The ruling adds insult to injury for the only survivors who witnessed the ravage of their homes, the death of loved ones and the financial demise of  numerous families.  Since the plaintiffs sued under state law and not federal law, they cannot appeal to the U.S. Supreme Court.

FILE – Viola Ford Fletcher, a Tulsa Race Massacre survivor, is pictured at the House General Government Committee meeting at the Oklahoma Capitol, Oct. 5, 2023. The Oklahoma Supreme Court on Wednesday, June 12, 2024, dismissed a lawsuit of the last two survivors of the 1921 Tulsa Race Massacre, dampening the hope of advocates for racial justice that the government would make amends for one of the worst single acts of violence against Black people in U.S. history. (Doug Hoke/The Oklahoman via AP, File)

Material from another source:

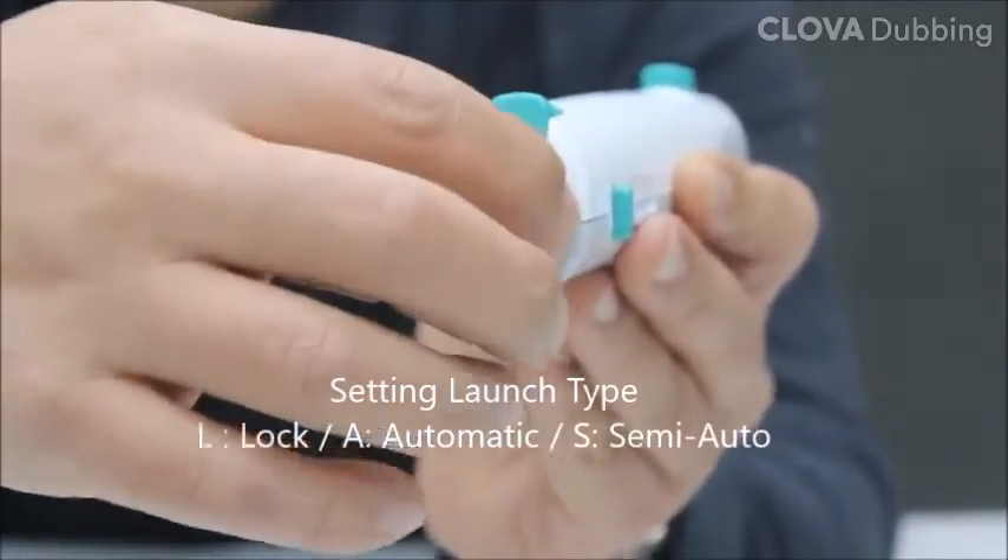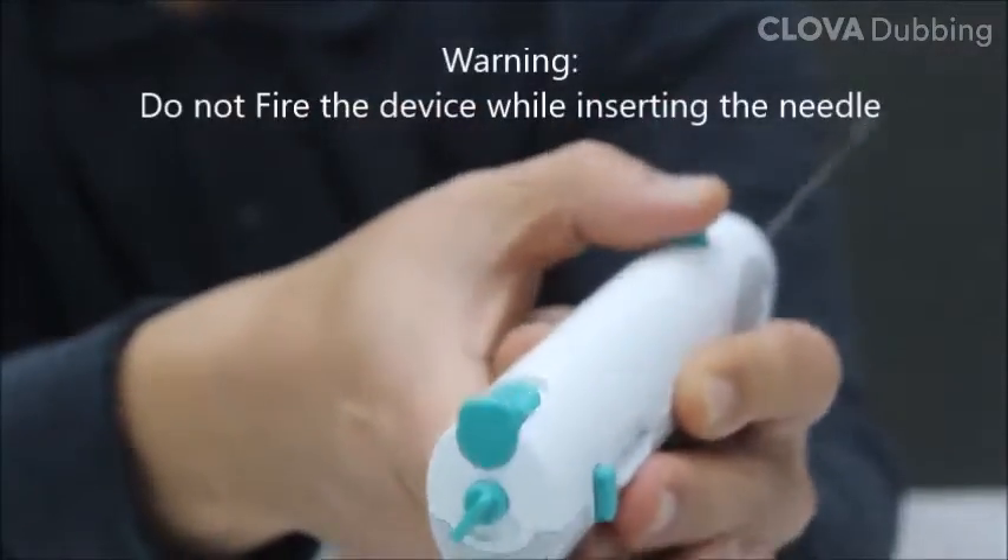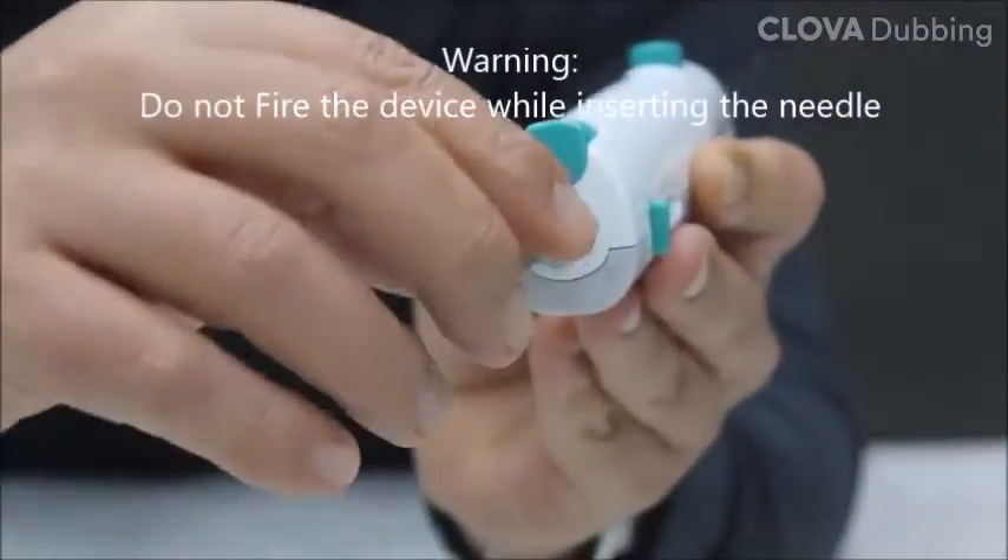It is recommended that the launch type be set to L to prevent accidents caused by mistakes. Do not fire the device while inserting the needle.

Damario Solomon-Simmons, the lead lawyer for the massacre survivors, explained that what happened in the spring of 1921 was essentially a “state-sponsored atrocity” and that ending the case without a trial is a blow to the notion of racial justice. The legal team plans to file a petition asking the court to reconsider its decision. It also has called on the U.S. Department of Justice to open an investigation into the massacre.

“Once again, the Oklahoma court system has failed the survivors. We think the decision is wrong and the reasoning is wrong,” he said.

On May 31, 1921, a group of White men gathered outside a Tulsa courthouse, where Tulsa police had arrested 19-year-old Dick Rowland, for allegedly assaulting a White girl. There was little evidence or proof to accompany his arrest. The media was quick to write an editorial calling for the young, Black man to be lynched.

“A group of Black World War I veterans tried to achieve justice for the young man whose life was threatened at the courthouse from a gathering lynch mob,” Frederick Al Deen of the Greenwood Policy Institute told The Final Call. 

The sheriff told the Black men to leave, and they did.  However, the sheriff  did not tell the gathering White mob to leave and it grew to over 2,000 men.  Armed Black men returned later.

“They were met by a large mob of White citizens, militia, and others bent on lynching.  A fight broke out and shooting started. The question is once those people found themselves fighting the police authorities and eventually the Air Force who dropped bombs, who do they look to for justice?” asked Mr. Al Deen.

The death and destruction of the event was whitewashed from many history books. Oklahoma Supreme Court Justice Yvonne Kauger, one of the nine justices, admitted in a previous hearing that she had never learned about the massacre while in high school. None of the nine Oklahoma justices is Black.

Mrs. Lessie Benningfield Randle, 108, right, a Tulsa Race Massacre survivor, during the House General Government Committee meeting at the Oklahoma Capitol Thursday, Oct. 5, 2023. (Doug Hoke/The Oklahoman via AP)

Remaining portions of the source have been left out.